● Instructions for the task
If an entry contains a picture, leave the picture out and reproduce everything else in the records below exactly.

---*---

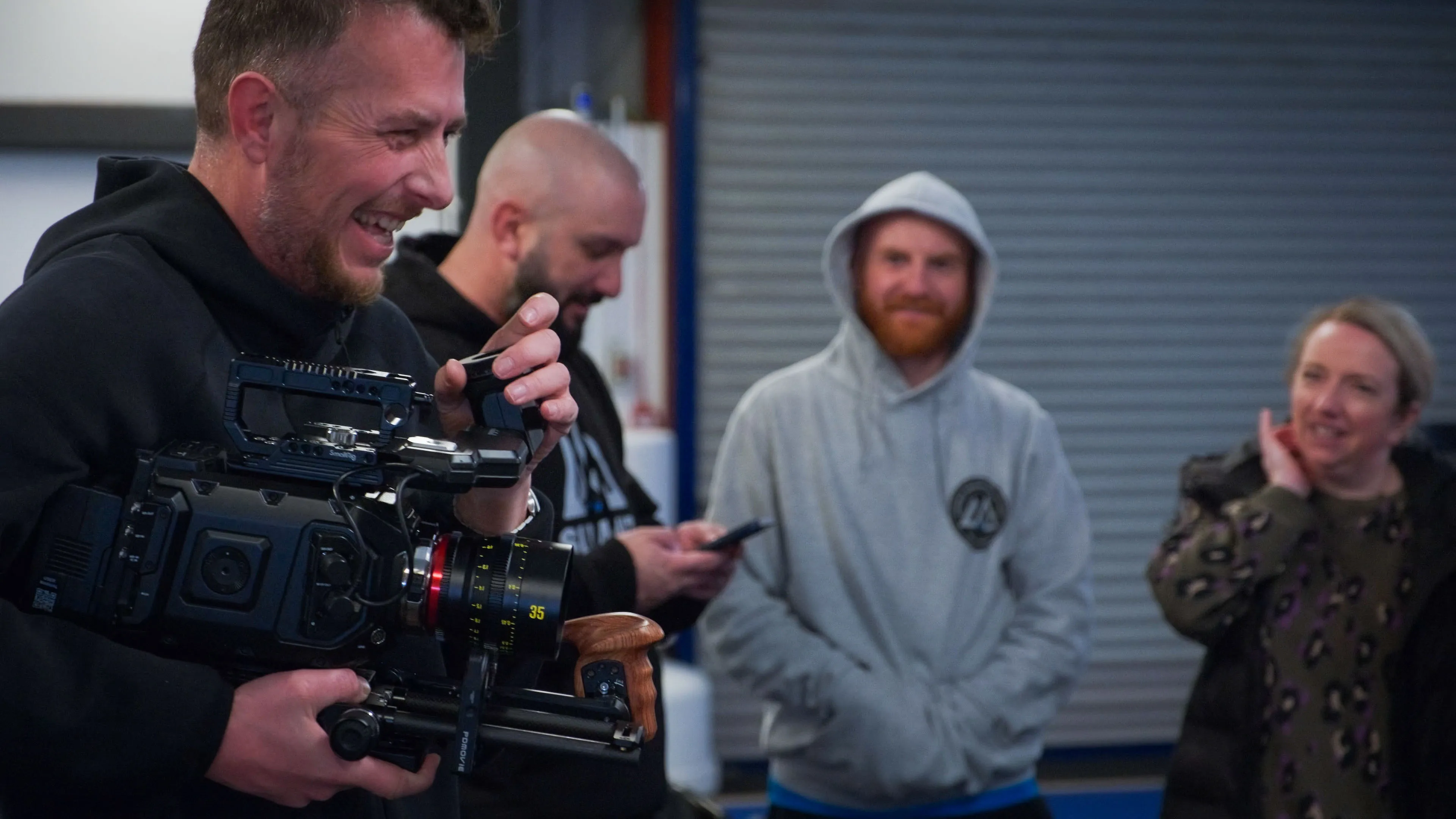 A man holding a video camera laughs during filming, surrounded by three casually dressed people. The scene conveys a relaxed and cheerful atmosphere.
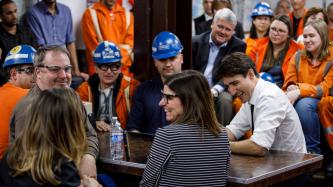 PM Trudeau shares a laugh with steel workers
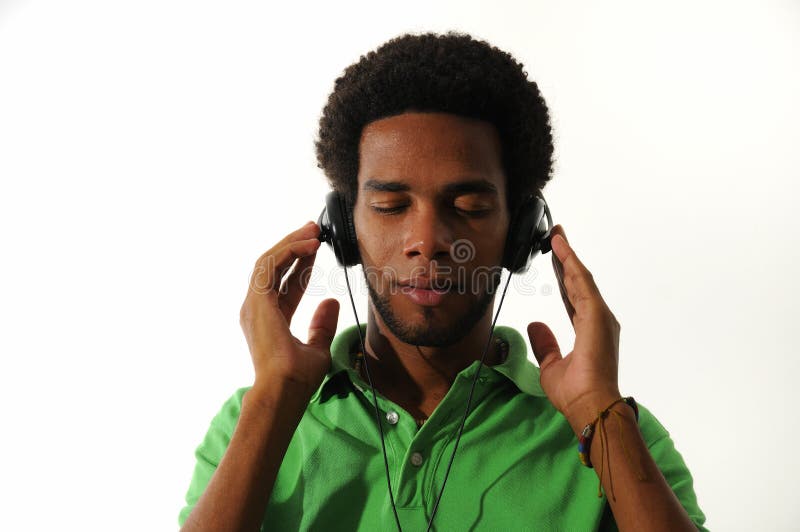 African man enjoying music with headphones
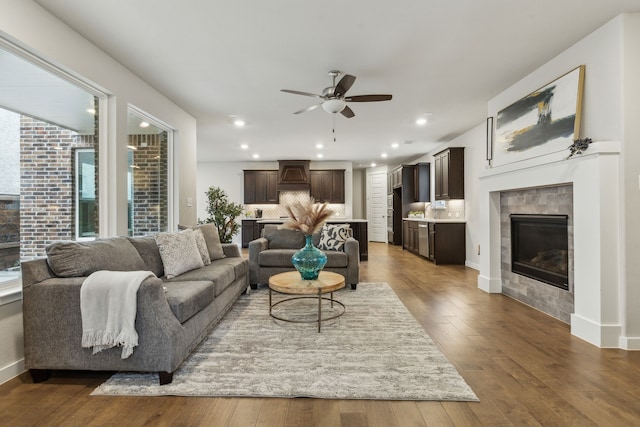 living area with a ceiling fan, a tiled fireplace, dark wood finished floors, recessed lighting, and baseboards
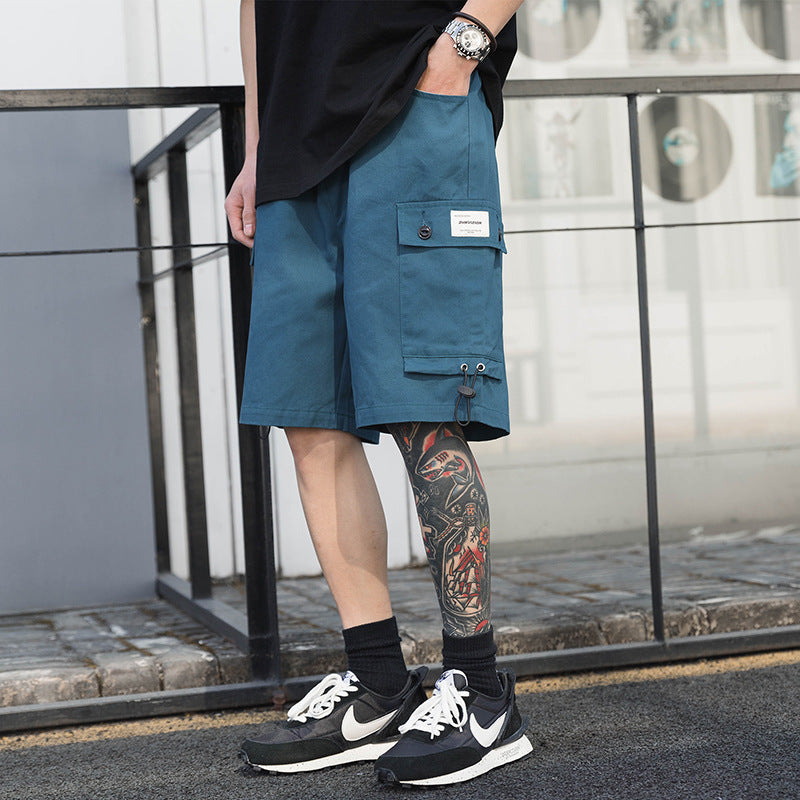 MONO//FIT Casual Black Shorts Men in a stylish outdoor setting with a relaxed fit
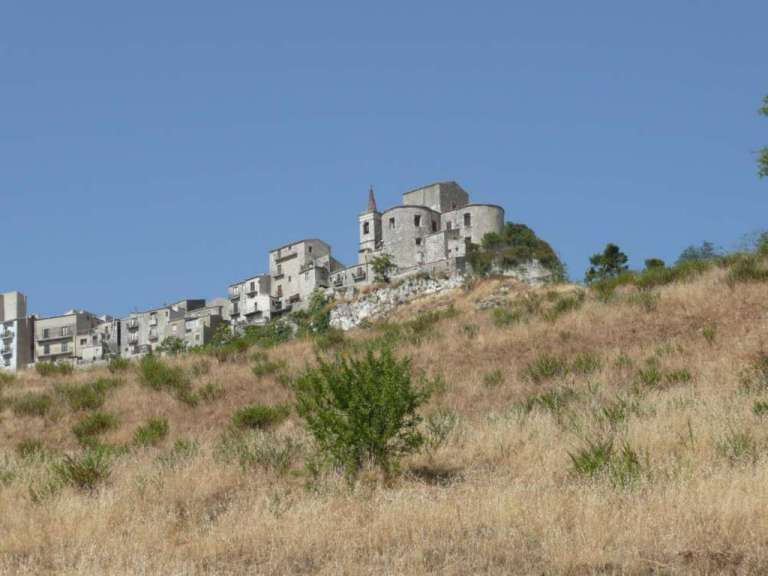 Ein kleines Dorf auf einem Hügel mit einem großen Gebäude im Hintergrund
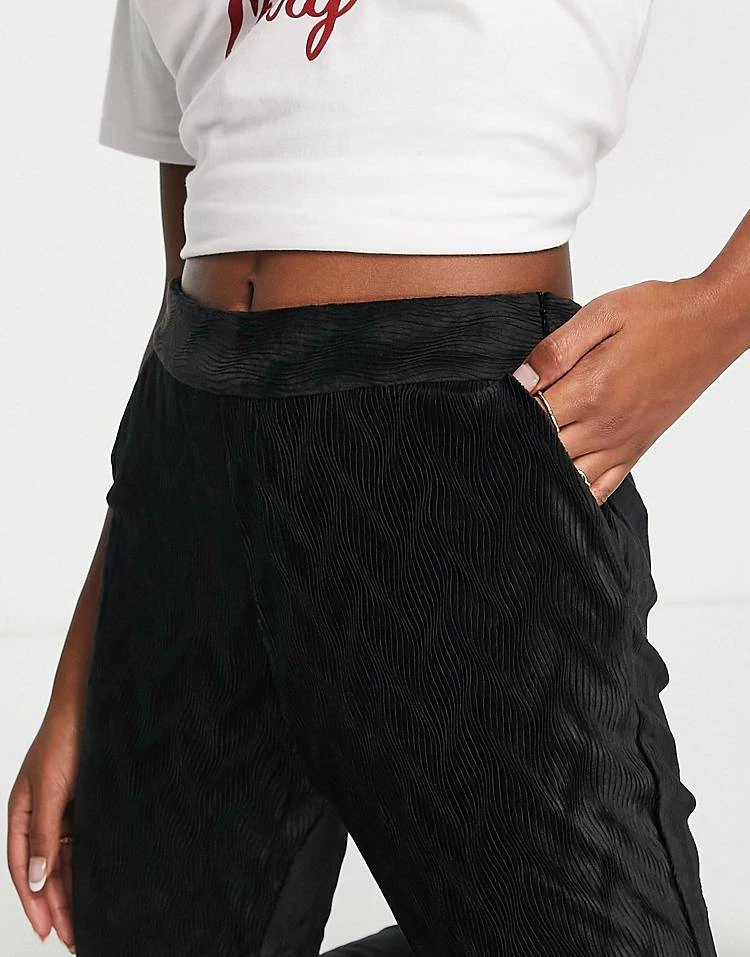 Urban Revivo Textured Flare Trousers In Black For Women 5 Urban Revivo Textured Flare Trousers In Black For Women - Image 3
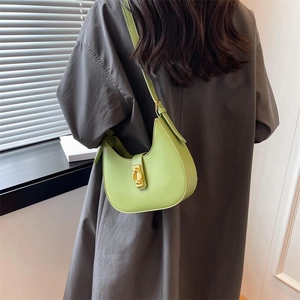 Back view of minimalist light green hobo bag with gold clasp on a model in grey dress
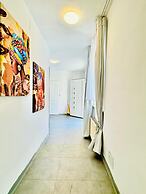 Affordable 4BR Apt Walk to FAC Platz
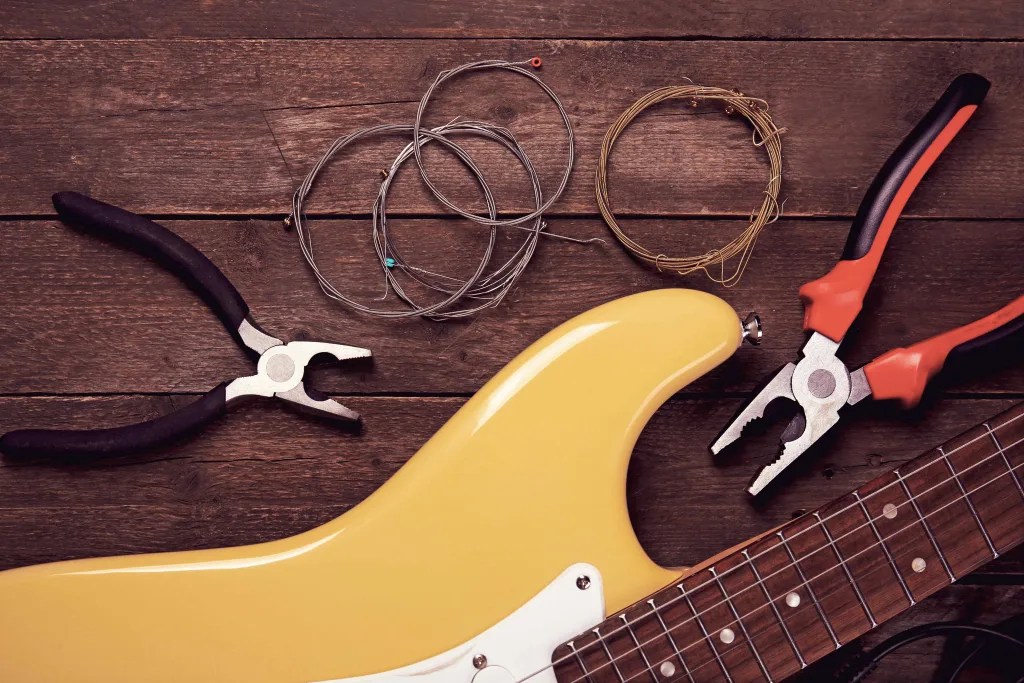 How to cut guitar strings without wire cutter? [Updated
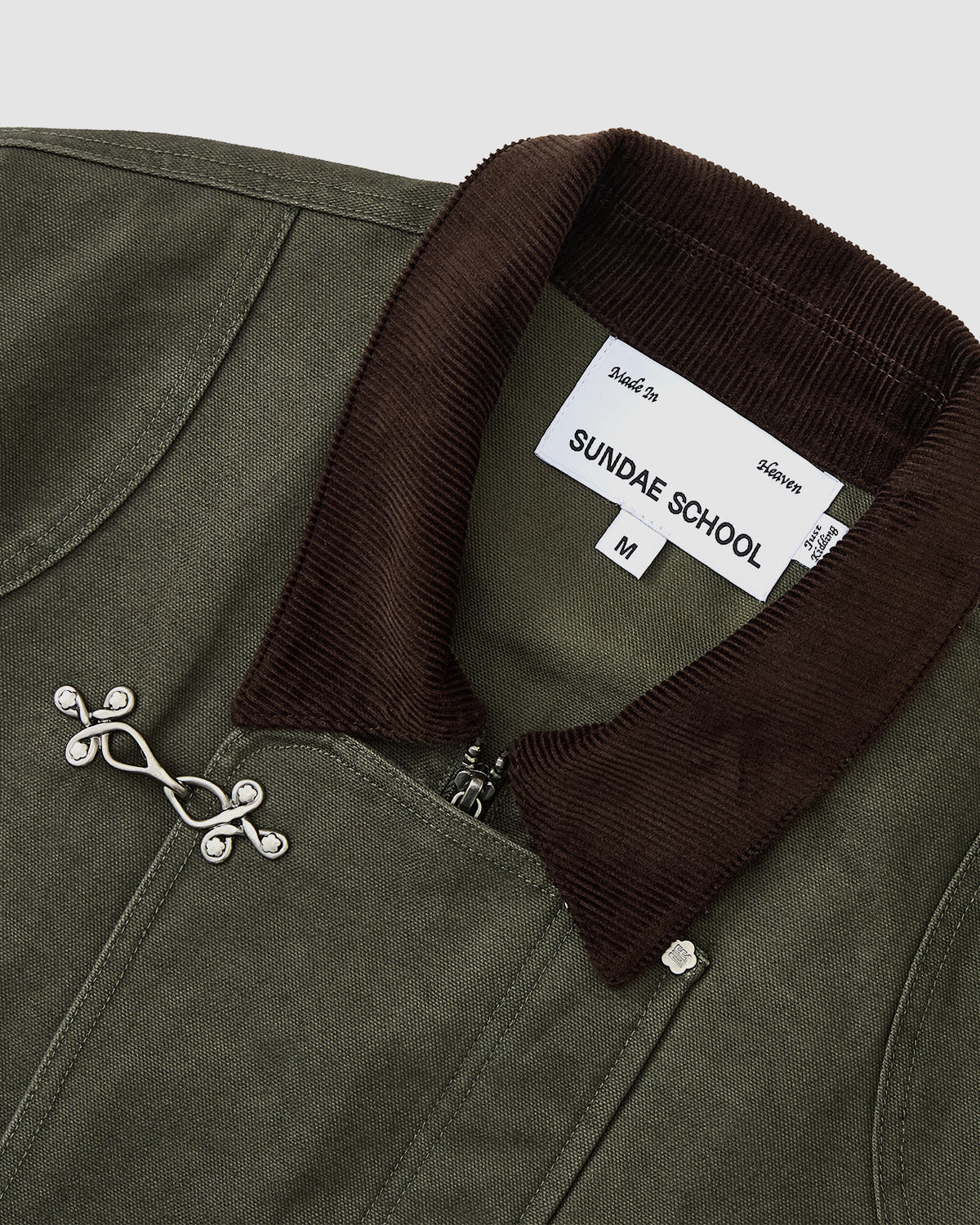 Close-up of the [PRE-ORDER] OLIVE FIREMAN CLASP JACKET by Sundae School, featuring a dark brown corduroy collar, silver branch-shaped pin, and a white SUNDAE SCHOOL label with size M and care info.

---*---

● Task response
 A man holding a video camera laughs during filming, surrounded by three casually dressed people. The scene conveys a relaxed and cheerful atmosphere.
 PM Trudeau shares a laugh with steel workers
 African man enjoying music with headphones
 living area with a ceiling fan, a tiled fireplace, dark wood finished floors, recessed lighting, and baseboards
 MONO//FIT Casual Black Shorts Men in a stylish outdoor setting with a relaxed fit
 Ein kleines Dorf auf einem Hügel mit einem großen Gebäude im Hintergrund
 Urban Revivo Textured Flare Trousers In Black For Women 5 Urban Revivo Textured Flare Trousers In Black For Women - Image 3
 Back view of minimalist light green hobo bag with gold clasp on a model in grey dress
 Affordable 4BR Apt Walk to FAC Platz
 How to cut guitar strings without wire cutter? [Updated
 Close-up of the [PRE-ORDER] OLIVE FIREMAN CLASP JACKET by Sundae School, featuring a dark brown corduroy collar, silver branch-shaped pin, and a white SUNDAE SCHOOL label with size M and care info.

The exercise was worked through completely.